Selasa, 09 Juni 2020

Elementary Education Has Gone Terribly Wrong

At first glance, the classroom I was visiting at a high-poverty school in Washington, D.C., seemed like a mode of industriousness. The teacher sat at a desk in the corner, going over student work, while the first graders quietly filled out a worksheet intended to develop their reading skills.  Keunikan Bermain Di Bandar Judi Bola Terpercaya

As I looked around, I noticed a small girl drawing on a piece of paper. Ten minutes later, she had sketched a string of human figures, and was busy coloring them yellow I knelt next to her and asked, "What are you drawing?"

"Clowns," she answered confidently.

"Why are you drawing clowns?"

"Because it says right here, ‘Draw clowns,' " she explained.

Running down the left side of the worksheet was a daftar of reading-comprehension skills: finding the main idea, making inferences, making predictions. The girl was pointing to the phrase draw conclusions. She was supposed to be making inferences and drawing conclusions about a dense article describing Brazil, which was lying facedown on her desk. But she was unaware that the text was there until I turned it over. More to the poin, she had never heard of Brazil and was unable to read the word.

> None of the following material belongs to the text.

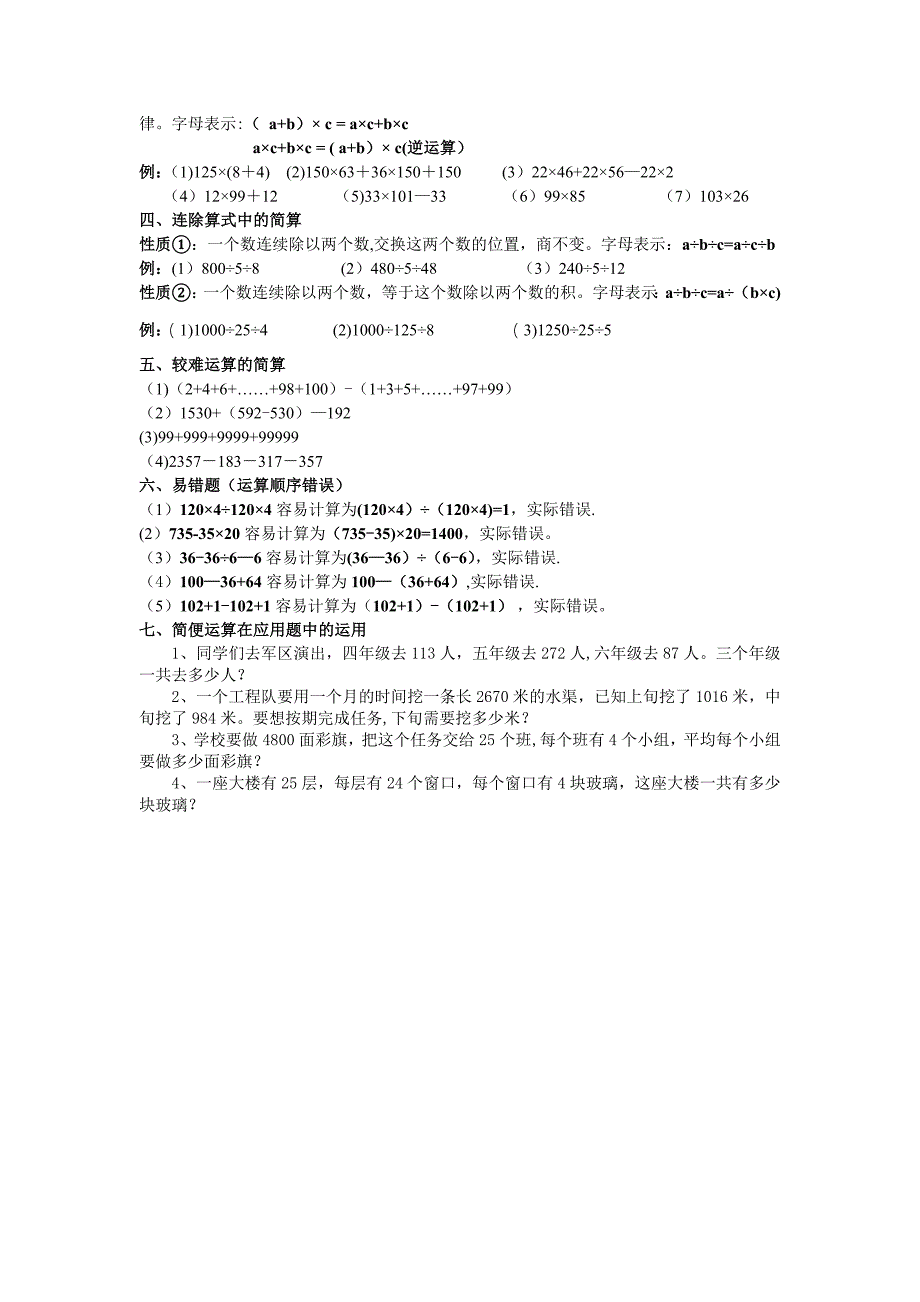 四年级数学下册简便运算总结归纳_第2页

That girl's assignment was merely one example, albeit an egregious one, of a standar pedagogical approach. American elementary education has been shaped by a theory that goes like this: Reading—a termin used to mean not just matching letters to sounds but also comprehension—can be taught in a manner completely disconnected from content. Use sederhana texts to teach children how to find the main idea, make inferences, draw conclusions, and so on, and momentually they'll be able to apply those skills to grasp the meaning of anything put in front of them.

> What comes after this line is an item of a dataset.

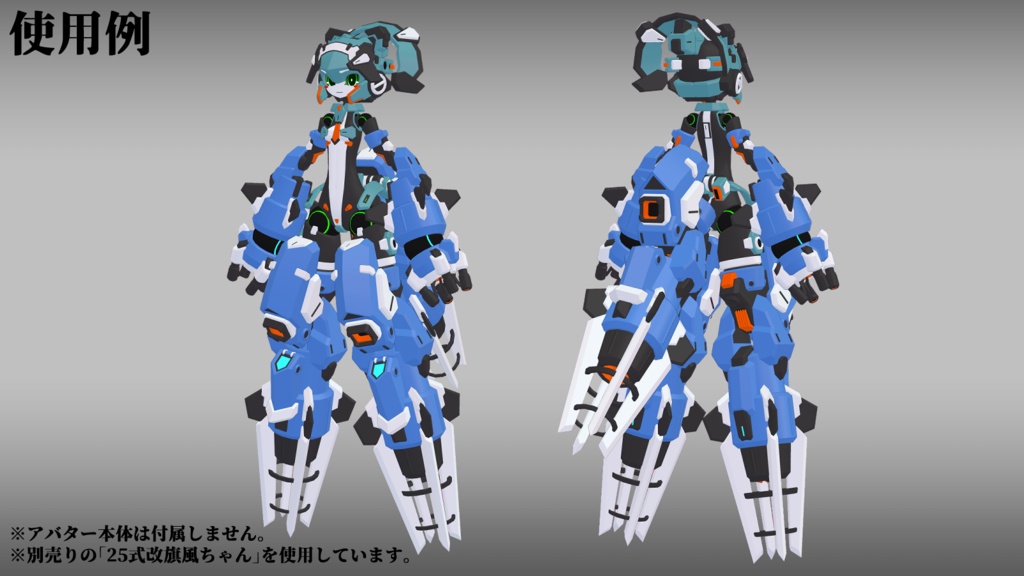 AAL-04 (VRChat向け)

In the meantime, what children are reading doesn't really matter—it's better for them to acquire skills that will enable them to discover knowledge for themselves later on than for them to be given information directly, or so the thinking goes. That is, they need to spend their time "learning to read" before "reading to learn." Science can wait; history, which is considered too abstract for young minds to grasp, must wait. Reading time is filled, instead, with a variety of short books and passages unconnected to one another except by the "comprehension skills" they're meant to teach.

As far back as 1977, early-elementary teachers spent more than twice as much time on reading as on science and social studies combined. But since 2001, when the federal No Child Left Behind legislation made standarized reading and math scores the yardstick for measuring progress, the time devoted to both subjects has only grown. In turn, the amount of time spent on social studies and science has plummeted—especially in schools where tes scores are low.

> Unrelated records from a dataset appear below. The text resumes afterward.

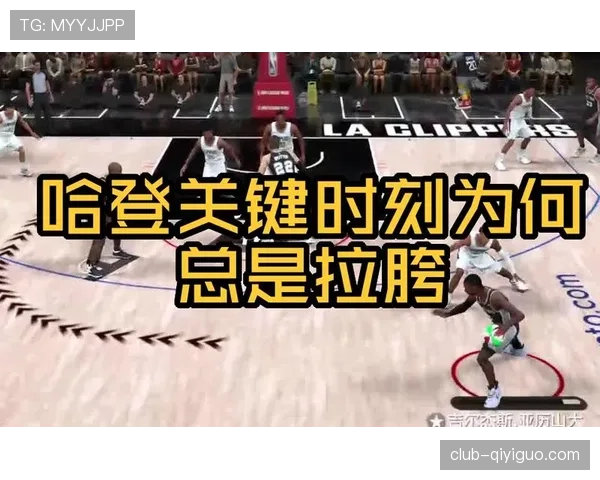 米德尔顿挡拆持续高效得分 拉开与哈登关键时刻表现差距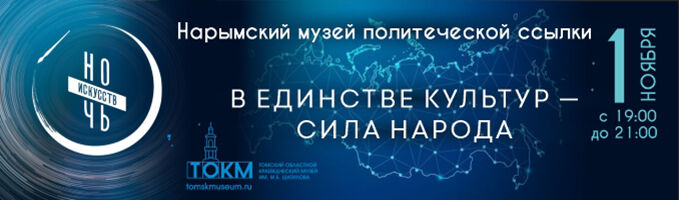 Акция "Ночь искусств-2025" в Нарымском музее политической ссылки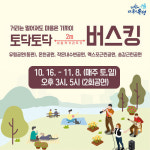 대전 유성구, ‘마음 토닥토닥, 2m 버스킹’ 공연 개최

And yet, despite the enormous expenditure of time and sumber on reading, American children haven't become better readers. For the past 20 years, only about a third of students have scored at or above the "proficient" level on national tests. For low-income and minority kids, the picture is especially bleak: Their average tes scores are far below those of their more affluent, largely white peers—a phenomenon usually referred to as the achievement gap. As this gap has grown wider, America's standing in international literacy rangkings, already mediocre, has fallen. "We seem to be declining as other systems improve," a federal official who oversees the administration of such tests told Education Week.